**DIRECTIONS:** From the line holding "Stührling Two tone" through the line holding "Aviator Blue Cotton T-Shirt Navy" below, write out every line exactly; include both of those lines and drop the pictures.

**RECORDS FOR THIS EXERCISE:**
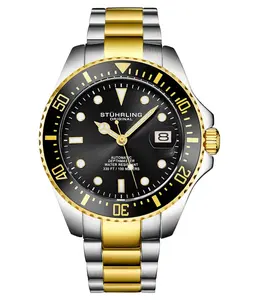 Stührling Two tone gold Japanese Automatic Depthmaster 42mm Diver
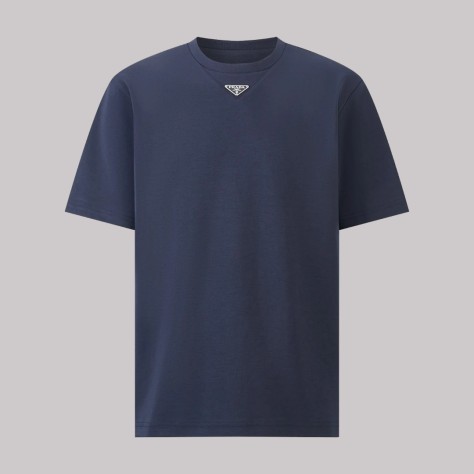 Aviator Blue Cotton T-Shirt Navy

--

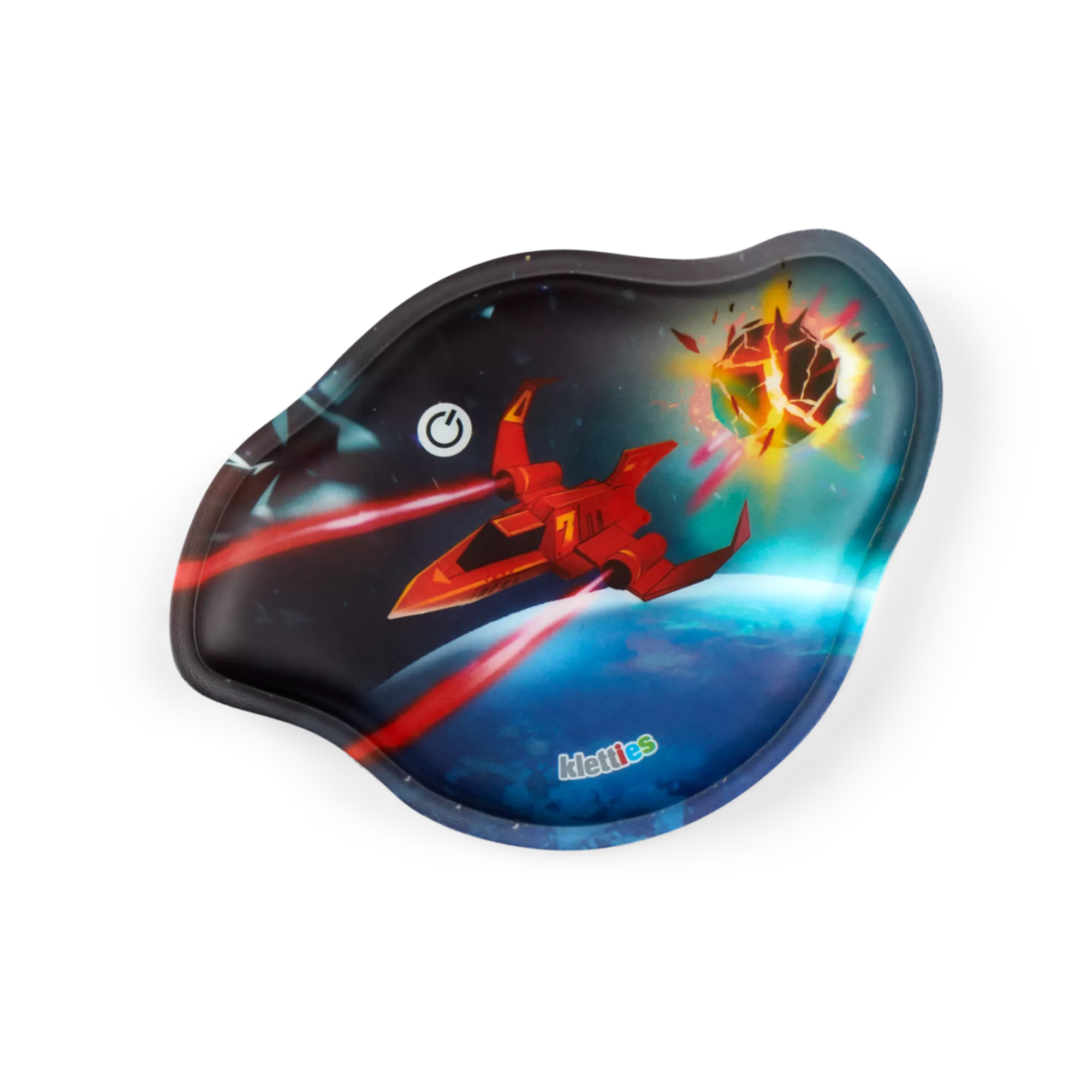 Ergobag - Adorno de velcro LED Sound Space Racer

**TASK SOLUTION:**
 Stührling Two tone gold Japanese Automatic Depthmaster 42mm Diver
 Aviator Blue Cotton T-Shirt Navy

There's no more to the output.